Yesterday, in a White House ceremony, the president awarded a Medal of Accomplishment to the interceptor missile that failed to launch last week. The missile, some 14 feet long, had been transported to Washington the night before via airplane. Its passage to the White House was marked by an impromptu parade that erupted on the streets as the missile made its journey. "Way to go, little guy," one passerby was said to have yelled, accompanied by two thumbs up.
At the White House, with the missile beside him cocked at a rakish angle and gleaming in the lights, the president extolled the missile's "can-do-it-ness," adding that "This is one of the finest interceptor missiles that ever served in the Missile Defense Agency. We are proud to award this medal to the missile that is keeping us safe and making the world a better place."
The ceremony was interrupted when the president could not find the Medal of Accomplishment.
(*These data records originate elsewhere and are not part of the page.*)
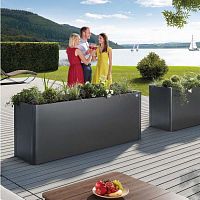 Galvanised steel planter BelvedererectangularsquareL-shaped
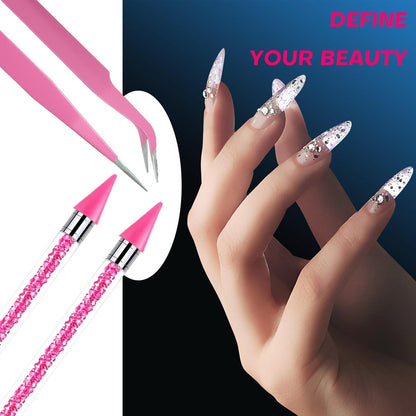 Pink Rhinestone Picker Tool Set - 2 Pack Dual-Head Wax Pens with Tips & Tweezers for Nail Art, Crystal and Gem Application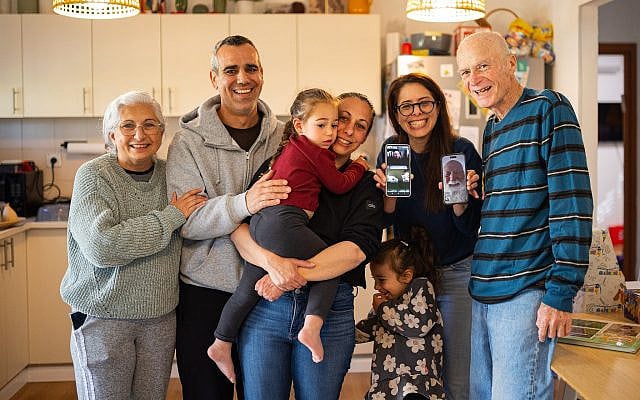 The author’s family celebrates Alma’s third birthday in Kramim on March 31, 2026, the day before this year’s Seder. Second from the left is Omri Miran, who was released from captivity on October 13, 2025. (Sagiv Tal)
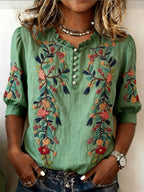 Women's Floral Pattern Art Print Casual Ruffle Collar Shirt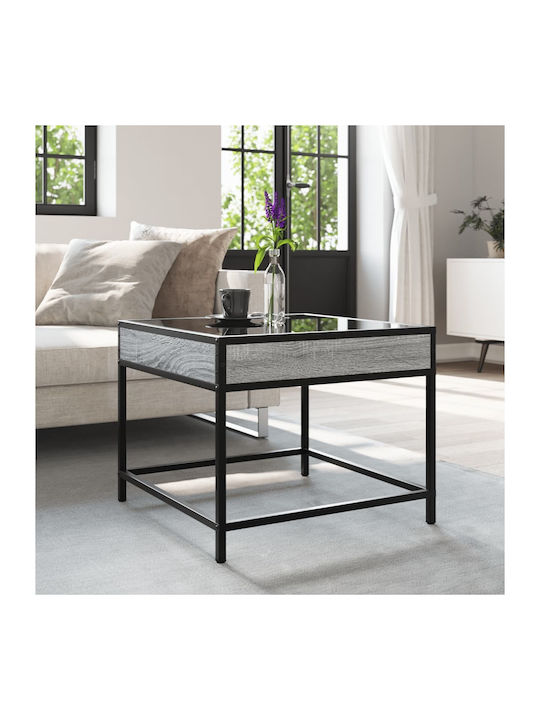 Square Glass Gray Side Table Sonoma M50xP50xH41cm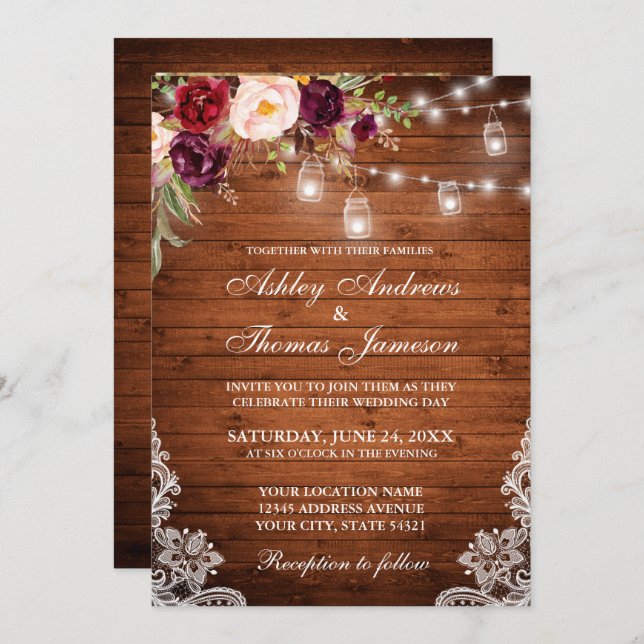 Rustic Wedding Wood Lights Jars Lace Floral Photo Invitation (Front/Back)
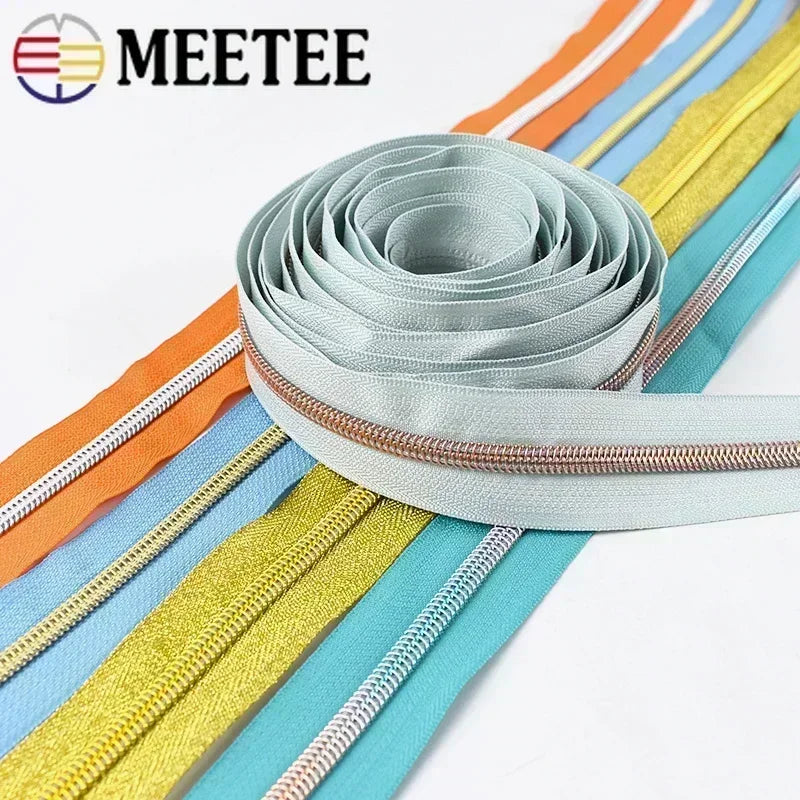 8/300Meters 5# Nylon Zippers Colorful Tooth Coil Zipper for Garment Bags Zip Tape Repair Kit DIY Clothes Tailor Sewing Accessory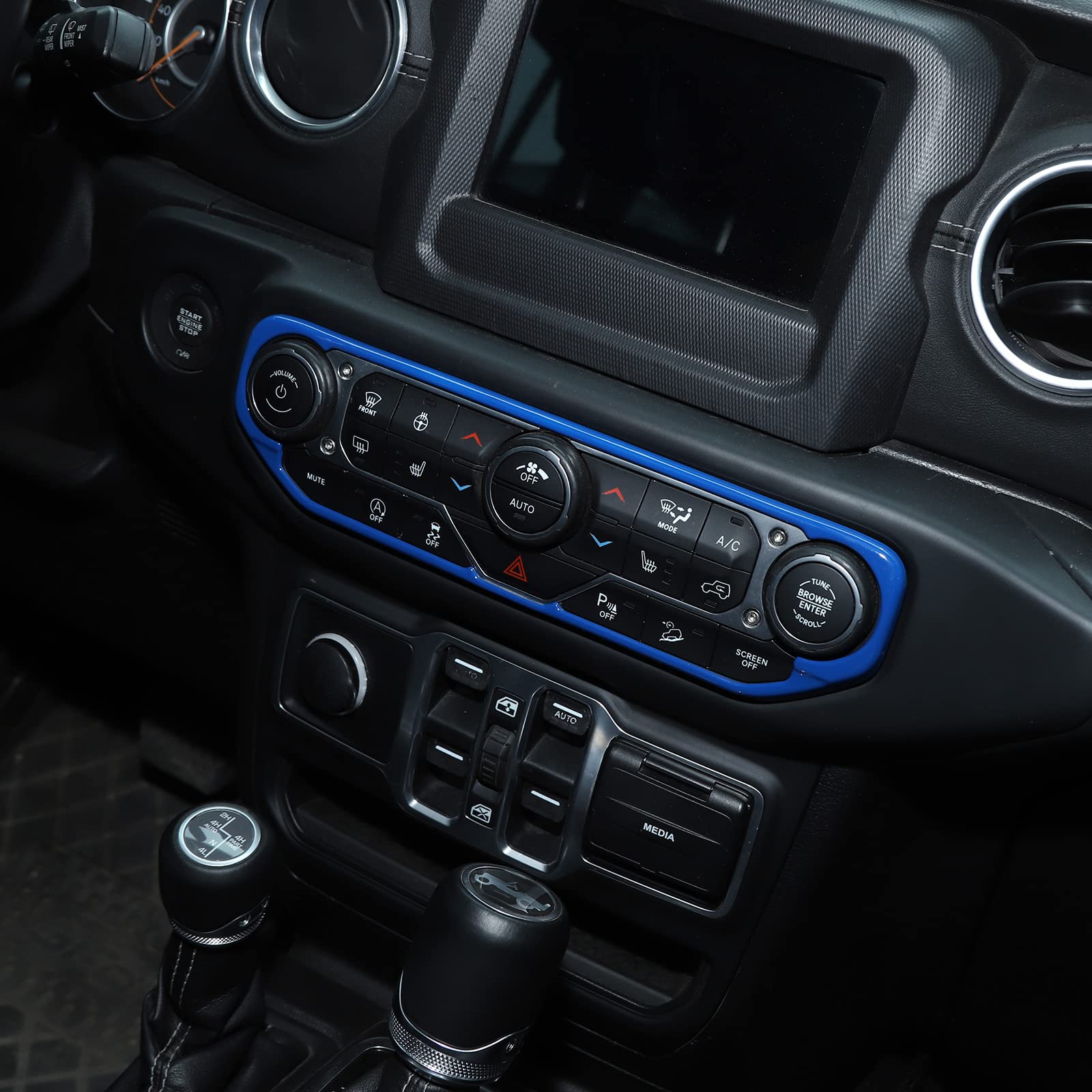 2018-2022 Jeep Wrangler JL/JLU & Gladiator JT AC Vent Trim Panel Cover - Blue Interior Dashboard Accessory Kit for Car Customization & Off-Road Style Upgrade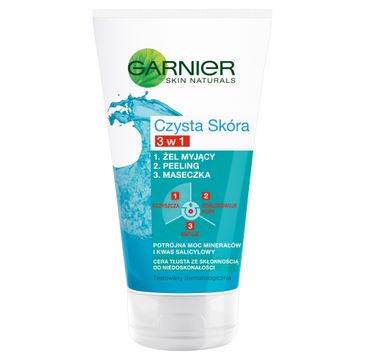 Garnier Czysta Skóra 3w1 żel myjący, peeling, maseczka (150 ml)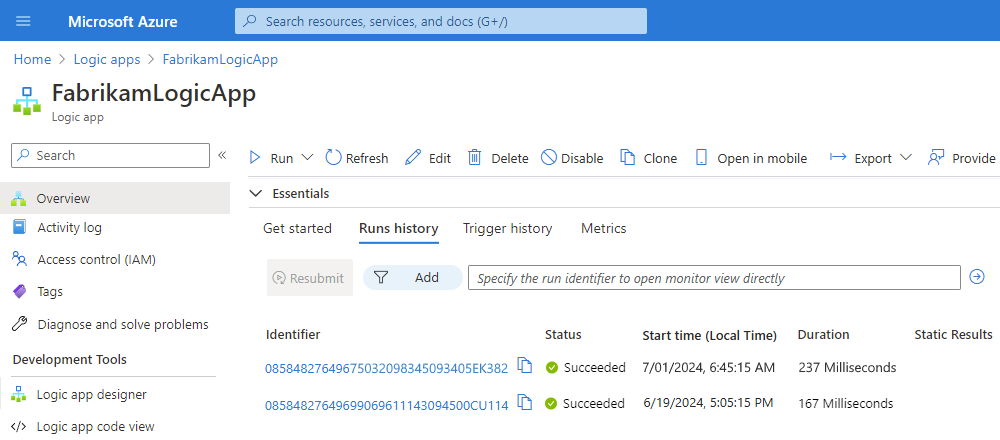 Screenshot showing workflow run history.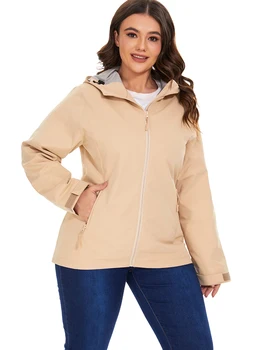 Vangull, Весенняя Новая Свободная женская куртка с капюшоном, длинный рукав, молния, эластичный пояс, однотонное женское пальто, офисная женская Простая верхняя одежда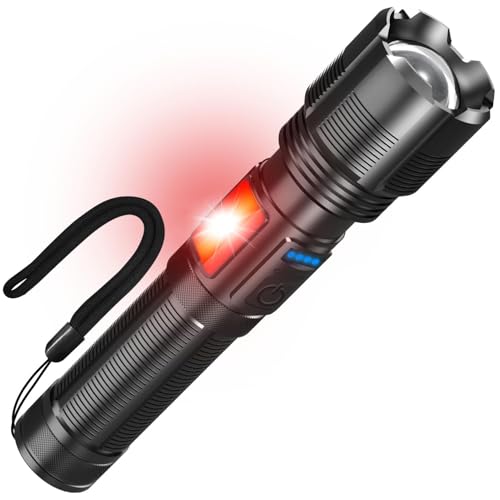 Image of Svoko Torch Light High Power Rechargeable, IPX7 Waterproof Led Charging Flashlight High Beam 800m Long Range with 7 Light Modes, Adjustable Portable Powerful Torchlight for Camping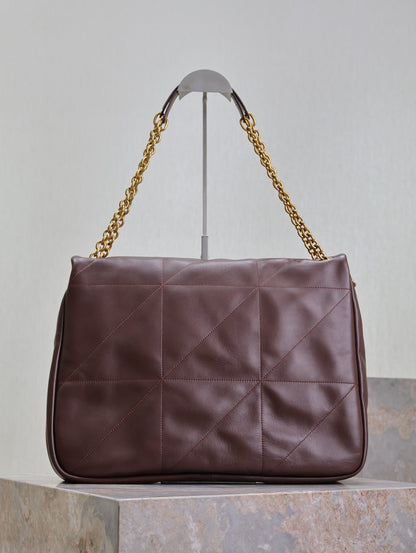 JAMIE 4.3 GRAND SAC 43 EN CUIR D'AGNEAU ROUGE VIN QUINCAILLERIE DORÉ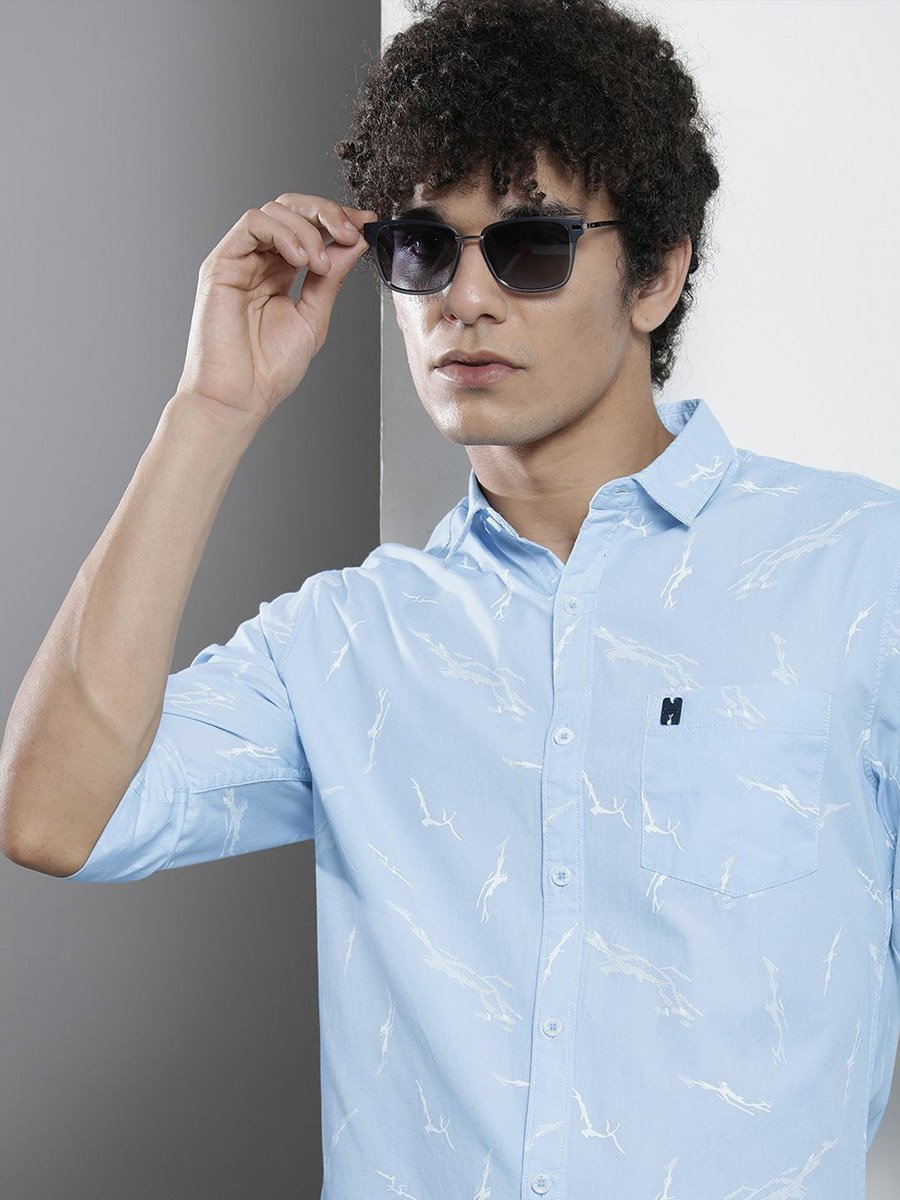 Men Sky Blue Abstract Print Shirt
When it was learned that the person responsible for providing the medal had left it in his car outside, Bush asked for yet another medal so he could award two that day.
The aide who had failed to provide the medal blushed, asking who the other medal was for.
Bush smiled and replied, "Why for you, little turd."
The assembled press corps and dignitaries were moved by what one unnamed White House official called "Bush's spontanecious action."
Bush overheard that remark and when he learned that spontanecious is not a recognized word he gave yet a third Medal of Accomplishment to the official for what he called "creative communication in the line of duty."
In all, three medals were awarded yesterday, though Bush promised to have a "box of the babies just standing by" during the next award ceremony, scheduled for tomorrow.